Perhaps surisingly incoming critical illness (CI) enquiries appear to have fallen away as the pandemic has taken hold in favour of income protection (IP), advisers have told Health & Protection.
However insurers are continuing to develop their offerings by moved to providing more layed products while child cover is now more than just an afterthought for providers.
“We have not seen an increase in interest for critical Illness cover across our clients in the last year, we are actually finding most clients are interested in income protection which we have seen a significant take up across business and personal clients,” Charlie Cousins, founder at Hooray Health & Protection, told Health & Protection.
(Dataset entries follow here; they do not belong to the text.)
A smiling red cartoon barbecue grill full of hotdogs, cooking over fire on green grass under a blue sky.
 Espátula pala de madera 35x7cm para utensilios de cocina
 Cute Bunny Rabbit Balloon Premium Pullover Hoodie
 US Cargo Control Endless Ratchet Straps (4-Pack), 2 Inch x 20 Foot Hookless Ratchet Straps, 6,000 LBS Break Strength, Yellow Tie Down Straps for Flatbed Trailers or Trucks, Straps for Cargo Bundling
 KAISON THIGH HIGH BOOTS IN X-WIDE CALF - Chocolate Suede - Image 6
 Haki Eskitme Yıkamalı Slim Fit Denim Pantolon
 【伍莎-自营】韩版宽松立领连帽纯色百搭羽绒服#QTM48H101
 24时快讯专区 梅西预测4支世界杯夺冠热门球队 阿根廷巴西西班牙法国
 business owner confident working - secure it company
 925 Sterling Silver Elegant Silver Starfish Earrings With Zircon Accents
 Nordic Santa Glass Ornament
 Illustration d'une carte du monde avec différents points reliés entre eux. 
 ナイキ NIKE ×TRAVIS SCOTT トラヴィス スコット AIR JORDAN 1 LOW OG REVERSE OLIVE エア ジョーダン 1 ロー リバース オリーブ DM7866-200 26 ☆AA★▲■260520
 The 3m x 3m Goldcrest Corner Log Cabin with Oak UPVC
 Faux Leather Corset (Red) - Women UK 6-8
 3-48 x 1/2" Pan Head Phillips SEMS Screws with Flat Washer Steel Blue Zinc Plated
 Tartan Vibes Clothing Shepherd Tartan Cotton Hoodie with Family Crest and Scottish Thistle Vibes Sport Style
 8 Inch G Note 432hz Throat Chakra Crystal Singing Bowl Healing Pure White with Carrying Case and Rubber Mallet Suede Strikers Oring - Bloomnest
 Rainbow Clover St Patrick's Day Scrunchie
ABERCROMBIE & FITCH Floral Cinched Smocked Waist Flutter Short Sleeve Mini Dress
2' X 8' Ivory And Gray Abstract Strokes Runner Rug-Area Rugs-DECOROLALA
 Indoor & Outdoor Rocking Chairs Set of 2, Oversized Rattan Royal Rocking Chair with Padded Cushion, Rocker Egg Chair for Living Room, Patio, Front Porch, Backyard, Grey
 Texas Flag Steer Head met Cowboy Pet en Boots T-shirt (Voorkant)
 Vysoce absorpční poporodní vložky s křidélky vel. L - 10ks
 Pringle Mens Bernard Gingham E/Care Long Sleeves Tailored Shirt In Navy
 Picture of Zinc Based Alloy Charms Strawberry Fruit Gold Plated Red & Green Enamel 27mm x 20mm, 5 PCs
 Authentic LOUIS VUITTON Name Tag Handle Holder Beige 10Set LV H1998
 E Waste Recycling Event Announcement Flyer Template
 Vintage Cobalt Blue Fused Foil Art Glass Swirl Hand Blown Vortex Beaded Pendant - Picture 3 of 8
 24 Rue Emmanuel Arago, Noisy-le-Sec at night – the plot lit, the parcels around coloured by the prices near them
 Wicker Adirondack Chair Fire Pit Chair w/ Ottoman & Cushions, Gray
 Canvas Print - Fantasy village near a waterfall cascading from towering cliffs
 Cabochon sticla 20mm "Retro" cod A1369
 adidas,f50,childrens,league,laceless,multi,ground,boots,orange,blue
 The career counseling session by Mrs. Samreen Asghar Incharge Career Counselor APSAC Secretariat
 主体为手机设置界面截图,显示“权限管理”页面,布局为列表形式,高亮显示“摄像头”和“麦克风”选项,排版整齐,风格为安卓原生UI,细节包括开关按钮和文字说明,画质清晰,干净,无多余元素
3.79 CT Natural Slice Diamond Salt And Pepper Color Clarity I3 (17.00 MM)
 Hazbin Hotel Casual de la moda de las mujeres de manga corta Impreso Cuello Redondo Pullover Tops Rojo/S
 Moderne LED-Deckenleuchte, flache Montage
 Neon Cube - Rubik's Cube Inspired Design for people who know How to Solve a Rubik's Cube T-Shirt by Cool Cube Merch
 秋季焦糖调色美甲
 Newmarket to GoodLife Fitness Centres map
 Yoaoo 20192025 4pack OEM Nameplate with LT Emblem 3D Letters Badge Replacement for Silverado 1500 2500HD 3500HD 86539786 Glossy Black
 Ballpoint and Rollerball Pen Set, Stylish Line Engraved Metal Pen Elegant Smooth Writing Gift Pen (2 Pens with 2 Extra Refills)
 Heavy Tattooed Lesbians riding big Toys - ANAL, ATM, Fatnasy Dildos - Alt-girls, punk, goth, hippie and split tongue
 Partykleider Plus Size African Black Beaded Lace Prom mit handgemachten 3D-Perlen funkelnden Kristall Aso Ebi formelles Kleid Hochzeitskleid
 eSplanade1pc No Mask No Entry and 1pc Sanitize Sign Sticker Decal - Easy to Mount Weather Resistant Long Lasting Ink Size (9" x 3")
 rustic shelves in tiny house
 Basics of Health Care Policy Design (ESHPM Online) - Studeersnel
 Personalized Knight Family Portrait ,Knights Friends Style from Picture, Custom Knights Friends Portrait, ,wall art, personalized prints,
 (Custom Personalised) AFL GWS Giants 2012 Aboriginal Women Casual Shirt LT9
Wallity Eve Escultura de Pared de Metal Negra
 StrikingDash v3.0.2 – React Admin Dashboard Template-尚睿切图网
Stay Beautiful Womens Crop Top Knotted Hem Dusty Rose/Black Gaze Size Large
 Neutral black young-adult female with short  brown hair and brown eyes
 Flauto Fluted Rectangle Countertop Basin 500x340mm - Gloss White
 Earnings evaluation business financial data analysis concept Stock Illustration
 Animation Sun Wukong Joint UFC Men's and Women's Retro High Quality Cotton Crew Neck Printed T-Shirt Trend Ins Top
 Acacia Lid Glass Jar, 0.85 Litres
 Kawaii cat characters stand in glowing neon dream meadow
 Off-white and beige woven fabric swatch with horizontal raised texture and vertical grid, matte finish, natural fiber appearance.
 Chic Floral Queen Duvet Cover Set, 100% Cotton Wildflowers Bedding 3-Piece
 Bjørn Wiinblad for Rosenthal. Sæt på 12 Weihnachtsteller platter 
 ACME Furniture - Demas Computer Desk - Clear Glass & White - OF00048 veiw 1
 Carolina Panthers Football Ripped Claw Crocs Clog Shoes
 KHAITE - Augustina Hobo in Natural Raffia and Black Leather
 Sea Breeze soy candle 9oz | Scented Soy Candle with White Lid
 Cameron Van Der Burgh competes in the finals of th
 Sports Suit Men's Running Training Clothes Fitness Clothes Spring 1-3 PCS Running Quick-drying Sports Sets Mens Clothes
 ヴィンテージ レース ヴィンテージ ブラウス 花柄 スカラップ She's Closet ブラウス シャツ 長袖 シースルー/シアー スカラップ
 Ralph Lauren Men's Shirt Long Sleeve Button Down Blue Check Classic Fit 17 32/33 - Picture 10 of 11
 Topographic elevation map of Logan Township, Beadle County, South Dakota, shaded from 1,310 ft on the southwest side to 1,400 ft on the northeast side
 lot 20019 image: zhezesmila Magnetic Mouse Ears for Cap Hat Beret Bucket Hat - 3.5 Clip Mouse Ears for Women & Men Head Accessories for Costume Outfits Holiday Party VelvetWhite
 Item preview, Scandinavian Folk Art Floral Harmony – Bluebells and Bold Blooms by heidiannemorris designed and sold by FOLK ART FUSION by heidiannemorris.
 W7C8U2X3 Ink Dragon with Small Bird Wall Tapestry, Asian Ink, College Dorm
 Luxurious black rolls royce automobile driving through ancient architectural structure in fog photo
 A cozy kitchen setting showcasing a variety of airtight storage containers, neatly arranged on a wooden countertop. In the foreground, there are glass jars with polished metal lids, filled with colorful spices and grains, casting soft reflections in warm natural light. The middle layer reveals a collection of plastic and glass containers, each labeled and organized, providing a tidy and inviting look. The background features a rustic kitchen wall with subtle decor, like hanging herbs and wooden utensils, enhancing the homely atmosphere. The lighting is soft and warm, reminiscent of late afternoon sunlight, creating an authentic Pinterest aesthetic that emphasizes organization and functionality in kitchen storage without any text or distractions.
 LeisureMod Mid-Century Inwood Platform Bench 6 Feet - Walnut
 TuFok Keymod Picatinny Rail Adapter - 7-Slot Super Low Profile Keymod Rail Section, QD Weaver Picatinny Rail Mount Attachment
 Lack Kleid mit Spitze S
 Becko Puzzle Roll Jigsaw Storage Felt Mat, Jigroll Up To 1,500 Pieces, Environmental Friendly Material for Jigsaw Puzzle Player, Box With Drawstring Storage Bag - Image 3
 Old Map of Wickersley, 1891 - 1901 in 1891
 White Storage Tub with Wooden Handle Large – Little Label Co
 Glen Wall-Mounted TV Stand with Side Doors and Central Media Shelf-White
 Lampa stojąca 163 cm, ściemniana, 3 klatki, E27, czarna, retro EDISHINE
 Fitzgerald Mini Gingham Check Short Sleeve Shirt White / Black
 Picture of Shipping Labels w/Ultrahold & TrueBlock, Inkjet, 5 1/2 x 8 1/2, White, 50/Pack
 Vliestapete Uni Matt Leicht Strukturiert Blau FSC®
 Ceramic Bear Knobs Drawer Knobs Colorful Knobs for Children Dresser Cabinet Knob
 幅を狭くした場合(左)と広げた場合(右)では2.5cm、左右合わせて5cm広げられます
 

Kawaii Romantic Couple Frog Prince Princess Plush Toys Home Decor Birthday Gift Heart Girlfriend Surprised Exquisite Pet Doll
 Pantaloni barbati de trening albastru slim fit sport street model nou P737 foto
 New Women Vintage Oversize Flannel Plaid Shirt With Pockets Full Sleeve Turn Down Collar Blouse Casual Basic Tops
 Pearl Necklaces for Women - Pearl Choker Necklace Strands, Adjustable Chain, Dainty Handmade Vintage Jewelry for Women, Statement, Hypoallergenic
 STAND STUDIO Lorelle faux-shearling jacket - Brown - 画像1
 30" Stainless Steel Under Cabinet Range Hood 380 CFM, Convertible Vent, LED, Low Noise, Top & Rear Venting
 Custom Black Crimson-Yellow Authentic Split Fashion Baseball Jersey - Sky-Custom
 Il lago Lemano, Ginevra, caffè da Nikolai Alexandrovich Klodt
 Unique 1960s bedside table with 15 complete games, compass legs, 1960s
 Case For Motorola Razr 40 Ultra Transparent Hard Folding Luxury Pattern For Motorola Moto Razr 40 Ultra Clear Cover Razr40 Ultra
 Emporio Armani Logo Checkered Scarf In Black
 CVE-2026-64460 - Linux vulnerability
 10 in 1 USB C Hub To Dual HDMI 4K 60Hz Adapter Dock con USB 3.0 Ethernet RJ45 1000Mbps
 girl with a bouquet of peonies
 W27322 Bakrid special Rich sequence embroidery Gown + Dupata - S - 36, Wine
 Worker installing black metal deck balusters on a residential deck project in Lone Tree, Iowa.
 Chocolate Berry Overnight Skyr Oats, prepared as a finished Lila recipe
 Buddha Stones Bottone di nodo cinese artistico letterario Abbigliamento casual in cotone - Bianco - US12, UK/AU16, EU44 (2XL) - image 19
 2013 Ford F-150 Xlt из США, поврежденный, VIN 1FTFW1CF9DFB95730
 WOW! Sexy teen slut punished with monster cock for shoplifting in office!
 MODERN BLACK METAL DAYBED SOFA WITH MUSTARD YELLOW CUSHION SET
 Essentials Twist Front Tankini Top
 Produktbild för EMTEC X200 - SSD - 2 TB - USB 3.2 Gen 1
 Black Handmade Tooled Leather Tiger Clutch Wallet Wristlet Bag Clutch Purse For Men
Andrew Wilkinson, director at Moneysworth Life Insurance, agrees – attributing the trend to the pandemic.
“I can only really put that down to the pandemic. It’s made people have more of a think. We do still get critical illness enquiries but not so much,” he said.
“They tend to be mortgage related quite often. Somebody wants critical illness so the mortgage is paid off if there’s any problem.
“I think it depends on what your circumstances are as an individual. If you’ve got a reasonably paid occupation and in the family there is quite a lot of money then I don’t see why critical illness would drop off for that part of the market.
“There’s maybe more people taking a smaller amount of critical illness, taking a smaller part and taking that as a lump sum, a sort of rainy day fund, £50,000 or something like that, but I do think we will see more of a push towards IP,” he adds.
But offering a provider’s perspective on the issue, Hilary Banks, sales director at Guardian, told Health & Protection that the right fit for the client depends on their protection needs and what they most value.
“Life cover can seem easier to sell because it comes at a lower price point. But it doesn’t fully address most people’s protection needs. Critical illness costs more but that’s because sadly, getting a critical illness before the term of the policy expires, is more likely to happen. The same applies for income protection.
“We’d encourage advisers not to shy away from the conversation around CI because of the price, but really explore what the customer values about their lifestyle and how much peace of mind it would give them to protect it.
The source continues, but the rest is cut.